WEnn du Stellen kennst direkt an eine schnellfliessenden steinigen Kante und Du nicht weit raus brauchst kommst du mit einem WUrfgewicht bis 150 - 180 Gramm aus.

Mitten aus der Rheinströmung brauchst du ne 4,80 ab 250 gr Wurfgewicht

Da gabs es aber schon mal ein Thread zu 
http://www.anglerboard.de/board/showthread.php?t=230371


----------



## gurkenfahrstuhl (19. Februar 2012)

*AW: Mosella River Feeder 200g*



Forellenzocker schrieb:


> Ich hab die Distance von Mosella, 4,20 m bis 300 gr. die Sie nicht schafft. Die Spitzen die dabei waren sind der absolute Müll. Ich hab dann andere Spitzen drauf gemacht, seit her geht es. Leider hat sich der Gummi vom Handteil gelöst. Der Rollenhalter klappert und knackt beim Auswurf. Die Endkappe hat sich verabschiedet, zwischenzeitlich musste ein Ring ( einfach abgegangen ) nachgebessert werden. Und bei 220 gr. Blei ist die Rute am Limit.
> 
> Mir kommt keine Mosella mehr ins Haus, schon gar nicht wenn es jetzt keine Ersatzteile mehr gibt.
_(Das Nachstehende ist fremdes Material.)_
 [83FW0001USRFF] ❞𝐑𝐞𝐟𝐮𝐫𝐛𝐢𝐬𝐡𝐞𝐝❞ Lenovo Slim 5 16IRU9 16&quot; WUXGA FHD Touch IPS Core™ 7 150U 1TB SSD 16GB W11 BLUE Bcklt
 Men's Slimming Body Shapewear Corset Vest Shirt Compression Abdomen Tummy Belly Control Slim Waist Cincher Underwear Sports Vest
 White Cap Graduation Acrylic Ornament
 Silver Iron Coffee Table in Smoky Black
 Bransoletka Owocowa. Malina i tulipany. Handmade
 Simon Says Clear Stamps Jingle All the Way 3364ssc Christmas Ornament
Also ich habe die auch und bin Top zufrieden. Naja mehr als 200g hab ich zwar noch nicht gefischt aber die geschilderten Probleme hab ich nicht.


----------



## Forellenzocker (20. Februar 2012)

*AW: Mosella River Feeder 200g*

Wie gesagt der Kumpel hat die gleiche Rute und ähnliche Probleme.


----------



## Günther_Lg (21. Februar 2012)

*AW: Mosella River Feeder 200g*

check ma foglendes, hab ich nur gutes drüber gehört... und bei dem preis............
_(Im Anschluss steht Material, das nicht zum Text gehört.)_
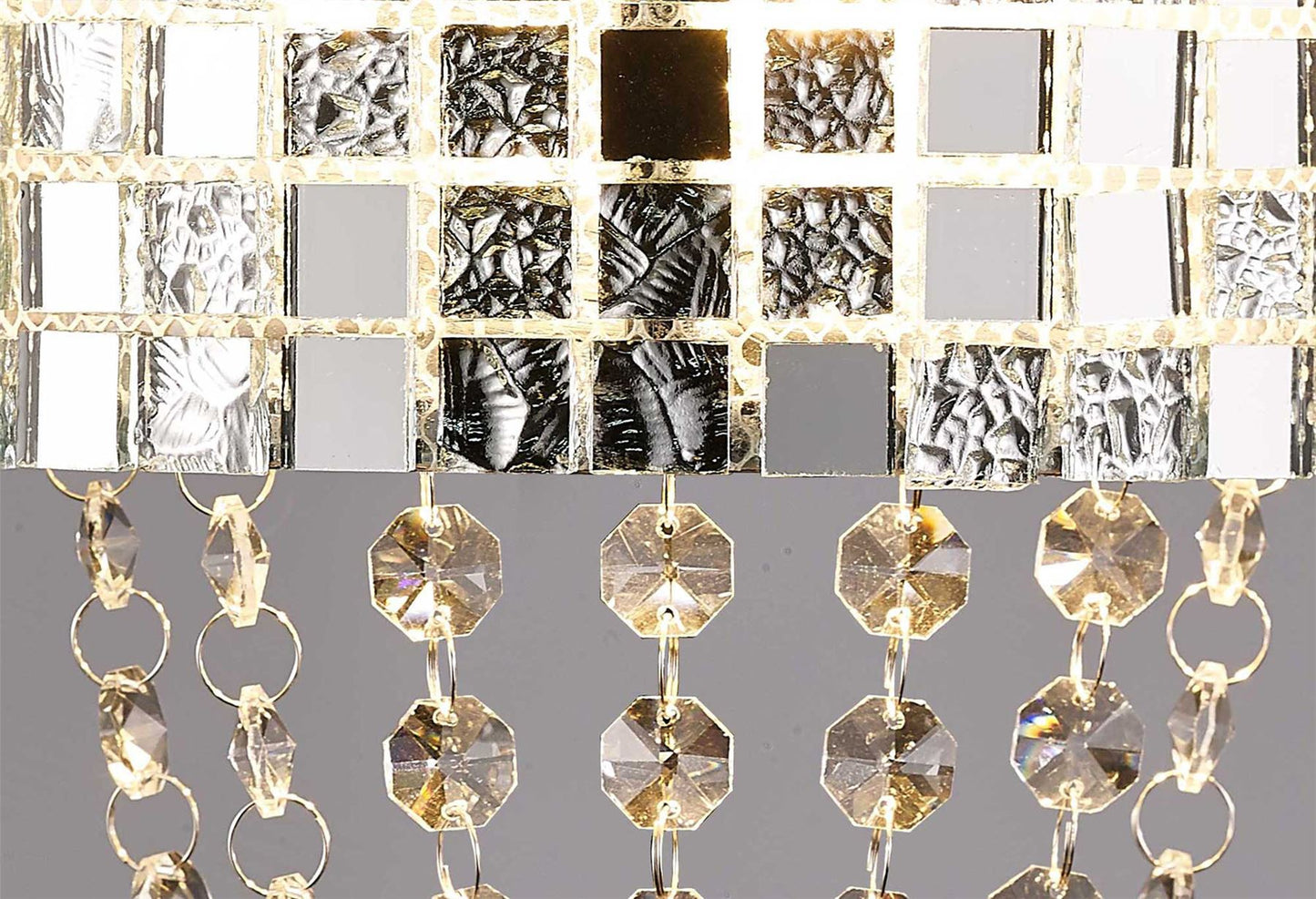 Diyas Camden Wall Light 2 Light G9 Polished Chrome/Mosaic Glass/Crystal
http://www.angelsport.de/__WebShop_...nger-spirit-mp1-heavy-feeder-ruten/detail.jsf


----------



## zandernase (21. Februar 2012)

*AW: Mosella River Feeder 200g*



Günther_Lg schrieb:


> check ma foglendes, hab ich nur gutes drüber gehört... und bei dem preis............
> 
> http://www.angelsport.de/__WebShop_...nger-spirit-mp1-heavy-feeder-ruten/detail.jsf



hatte ich auch schon gesehen, aber für den Rhein sollte die Rute schon 4,20m haben...


----------



## cyprinusbarbus (21. Februar 2012)

*AW: Mosella River Feeder 200g*

Hi !

Die 390 cm (Sänger) geht durchaus am Rhein, wenn man nicht wirklich in der Fahrrinne fischen will. Habe sie selbst 2 Jahre am Rhein zwischen Köln und Bonn gefischt und bin erst auf was heftigeres umgestiegen, wie mir die Barben in Einheitsgröße nicht mehr den Kick gebracht haben . Für diesen Preis ist die Rute unschlagbar, wage ich zu behaupten!
Und als Rollentipp schiebe ich mal gleich die Balzer Syndicate Feeder 7600 hinterher. Ist schon ab 60 Teuros zu haben und mit ner 8er oder 10er geflochtenen (ich fische sie ohne Schlagschnur) und nem relativ langen (selbstgebundenem , Länge etwa 1 Meter) Schlaufensystem in meinen Augen fast perfekt !
Wenn du noch mehr Tipps brauchst, nur zu !:m

tight lines
Tom

P.S. : Die 20 Gramm weniger WG machst du durch Technik wett, ist wie mit den 2 Zentimetern ....... ;-) ;-)


----------



## vdausf (25. Februar 2012)

*AW: Mosella River Feeder 200g*

Hi,
miene Meinung Mosella baut sehr gute Waller Ruten dann sind die von Mantikor.
Ansonsten kann ich mit Mosella Ruten wenig anfangen.
Leg lieber en paar Euros drauf und kauf ne gescheite Rute.
Hat heut die neue von Zamataro (Balzer) in der Hand. 
Eine davon wird meine neue Feeder Rute!
Ich hab aktuell die Berkley Cherry wood, die reinste pilkrute im Vergleich!!!!


----------



## zandernase (3. März 2012)

*AW: Mosella River Feeder 200g*

Hi,
wollte nur kurz mal n update geben:

Hab mir die Sänger MP1 geholt. Hab bei Askari bei mir in der Nähe angerufen und die hatten sie noch 1mal in 4,20m m zu 37,99€ da. Als Rolle dazu ist es die Balzer Syndicate 7600 geworden.

Gruß ZN


----------



## cyprinusbarbus (3. März 2012)

*AW: Mosella River Feeder 200g*

:mGute Wahl!


tight lines
Tom


----------



## siloaffe (3. März 2012)

*AW: Mosella River Feeder 200g*

Von der hab ich noch nix schlechtes gehört:m 

Ich hab mir heute die Mosella Distance 4,20m 300g Wg gegönnt:q


----------